Productrice exécutive
#31 - où je parle de l’œuvre d'un homme : assez rare pour être remarqué.
Salut vous,
J’ai commencé à écrire cette lettre alors que je regardais la Snyder Cut de Justice League, car parmi toutes mes contradictions, il y a celle de ne pas aimer la majorité des films de superhéros, mais aussi de vouloir absolument tous les regarder. Et dans cette Snyder Cut tant attendue, il y avait autre chose que la potentialité pour un réalisateur de rattraper un film qui lui avait échappé des mains et que les fans n’avaient pas trop aimé.
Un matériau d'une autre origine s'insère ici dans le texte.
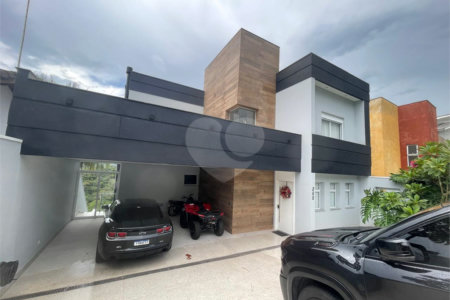 Casa à venda com 3 suítes no condomínio Hills, Arujá - SP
Quelque part, ce film ne ferait-il pas partie du travail de deuil nécessaire à son réalisateur ?1
Parmi toutes les choses que je n’avais jamais comprises avant aujourd’hui, il y a dans les génériques des films les mentions “p.g.a.”, “c.s.a.”, et le titre de “producteur exécutif”. D’ailleurs, si je dois être honnête avec moi-même, je ne savais même pas trop ce que ça veut dire, “produire” une œuvre culturelle. (Je viens de passer dix minutes sur Wikipedia pour essayer de comprendre et rien n’est beaucoup plus clair : j’adore quand les flous s’organisent pour le rester.)
Hier, après une longue journée de dédicaces et de rencontre en ligne, j’ai revu le special Make Happy, du comédien Bo Burnham. Il y dit, dans une longue tirade qui ne fait pas du tout rire :
If you’re able to live your life without an audience, you should do it.
Il parle des réseaux sociaux comme de la réponse du marché à une génération qui ne demande qu’à performer, élevés comme nous l’avons été (surtout les plus privilégiés d’entre nous) à nous sentir tellement uniques qu’il serait dommage de ne pas en faire profiter un maximum de monde. À chaque revisionnage de Make Happy, je mets une nouvelle chose dans ma poche pour y repenser longtemps et là, en plus, ça m’a coupé les jambes. J’ai repensé à ma dernière newsletter, où je marchais sur le fil de reconnaître que parfois les réseaux sociaux nous aident à nous rappeler qu’on existe bel et bien, tout en me disant que parfois ce serait bien d’avoir cette certitude avant de poster, histoire que la tangibilité ne soit pas conditionnée à des likes. (Je m’auto-paraphrase, quelle audace.)
Donc quand Bo Burnham me demande si j’ai la capacité de vivre ma vie sans la performer devant une audience, je me sens… pas tout à fait attaquée, parce que ça vient d’un endroit qu’il connaît en tant que comédien, mais en tout cas : impliquée. Ça résonne, quoi. Quand quelque chose résonne en moi, je creuse un peu jusqu’à essayer de comprendre. D’ailleurs, au tout début de ce spectacle, il y a une interaction qui me fait quelque chose, qui vient aussi cogner à la fenêtre, dans mes réflexions au rapport qu’on entretient avec les personnes publiques :
Spectatrice : I love you!
Bo Burnham : No, you fucking don't. You do not. Haters gonna hate, lovers gonna love. You need to reject both sides of the spectrum to leave a... healthy middle.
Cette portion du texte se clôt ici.